The voice processor in the implant should be specifically programmed for each patient. In order to do so, a programmer performs some subjective tests on the patient. Carrying out this task can get especially hard with children or non-co-operative patients, whose interaction with the programmer is limited or void. So, the search for an objective measurement which provides the automatic programming for the cochlear implant is one of the main research lines opened by the manufacturers. The Compound Action Potential is included in this aim.
The author of this work, Isaac Manuel Álvarez Ruiz, stated that "the major difficulty in the recording and processing of the Compound Action Potential is the stimulation device, insomuch that the stimulation signal interferes in time and frequency with the recalled potential that is meant to be observed". In his thesis, an algorithm has been developed to allow an evaluation of the quality of a Compound Action Potential recording. "This method lets us compare the most commonly used techniques in bibliography, as well as to develop new and improved techniques to reduce the stimulation device", pointed out the researcher.
The first task at the time of programming the cochlear implant is to decide which electrodes should be activated and subsequently, establish parameters for each one. So, this research has analysed the relation between the Compound Action Potential and the cochlear implant voice processor programming map.
"We have found that the appearance of the potential generally involves the electrode connection and not vice versa. According to the parameters of each electrode, it has been found that the information provided by these potentials is insufficient for an automatic adjustment of the processor, in comparison with the results of our researches. Our results prove that the Compound Action Potential allows the establishment of parameters of each electrode regarding the average values of the patient, with acceptable uncertainty levels." This information could be very useful as complementary information, or when the subjective information from the patient is void.
In addition, a study has been conducted about the distribution of refractory periods for the neuronal population that takes part in the generation of this potential.

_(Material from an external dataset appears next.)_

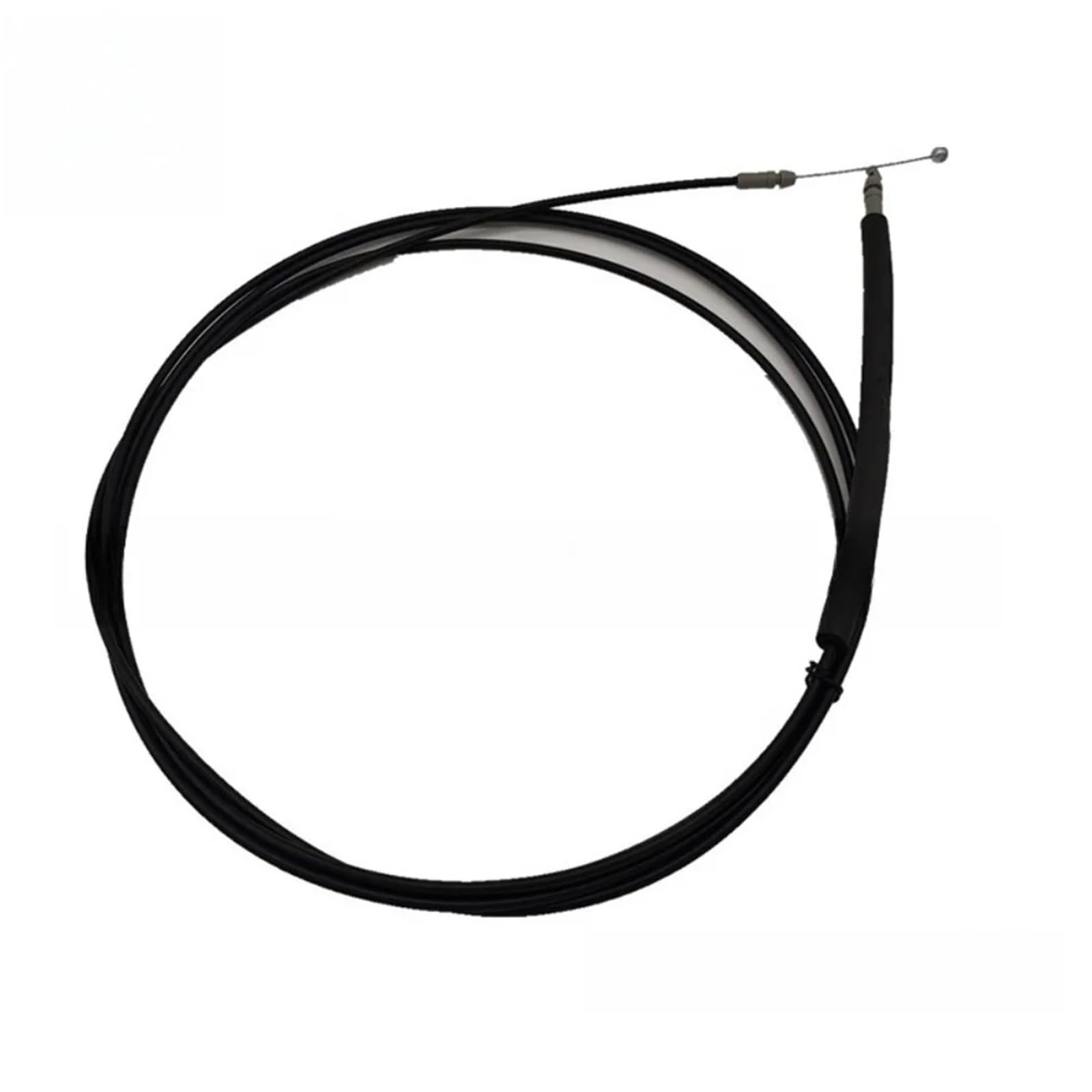 Fuel Door Release Cable Compatible with Toyota for Camry 2002 2003 2004 2005 2006 Car Rear Trunk Luggage Lock Release 64607-33070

In the average patient, the value of the refractory period of the fastest neuron is about 0,8ms and half of the neurons have a refractory period lower than 1,5ms. It has been found that, as the auditory experience of the patient increases, the refractory period of the neurons that takes part in it decreases down to a stable value, that is reached 3-4 months after the start-up of the voice processor.
The results of this research have resulted in an article titled "Generalized alternating stimulation: A novel method to reduce stimulus artifact in electrically-evoked compound action potentials", published in 2007 in the Journal of Neuroscience Methods. Other articles are now under review.